Una mirada a la planificación urbana y a las construcciones auspiciadas igual por el sector privado que por el Estado sugiere la visión de una ciudadanía compuesta enteramente por compatriotas no discapacitados. Pues si las personas lisiadas y los individuos con problemas de movilidad física cupieran legítimamente en el plano del “nosotros”, la arquitectura lo reflejaría. Veríamos rampas para sillas de ruedas y otros recursos destinados a facilitar el acceso a la población minusválida.
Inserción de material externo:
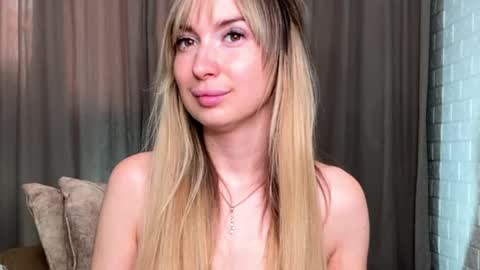 Snapshot of _crystal_moon_1 chatting on 11.04.25 _crystal_moon_1 online show from 11.04.25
Las escuelas no solo equiparían la planta física para acomodar a los niños con especiales necesidades de desplazamiento sino que entrenarían al personal docente y adecuarían el currículo para mejor servir a estudiantes mudos, sordos, ciegos o con limitaciones cognitivas.

Este esbozo muestra solo algunas de las dificultades del instinto homogenizador que prima en la noción oficial de la nacionalidad. Añádase el desdén por los niños y los envejecientes, así como la tendencia misógina. Tantos segmentos sociales quedan excluidos que da trabajo figurarse quiénes realmente son los incluidos. Como la idea de la dominicanidad que domina los predios del poder se basa en una nación ficticia, el esfuerzo por desmontar la perversidad de su lógica debe continuar hasta que se logre la concordancia entre los dominicanos que aparecen en el discurso dominante y los que pueblan la sociedad en el país y en la diáspora. Dirigido a esa meta—denunciar la fraudulencia del discurso nacionalista oficial para desautorizar las practicas excluyentes—va el volumen de próxima aparición Desde la Orilla: hacia una nacionalidad sin desalojos, una compilación de textos sobre la ciudadanía y la diversidad en cuya edición estoy colaborando con la socióloga Ramona Hernández y el poeta Blas Jiménez. Escritas por más de 40 colegas provenientes de disciplinas diversas, las intervenciones recogidas en el volumen arrojan valiosa luz sobre las formas distintas de la dominicanidad, haciéndonos ver que ser dominicano no es lo mismo ni se escribe igual.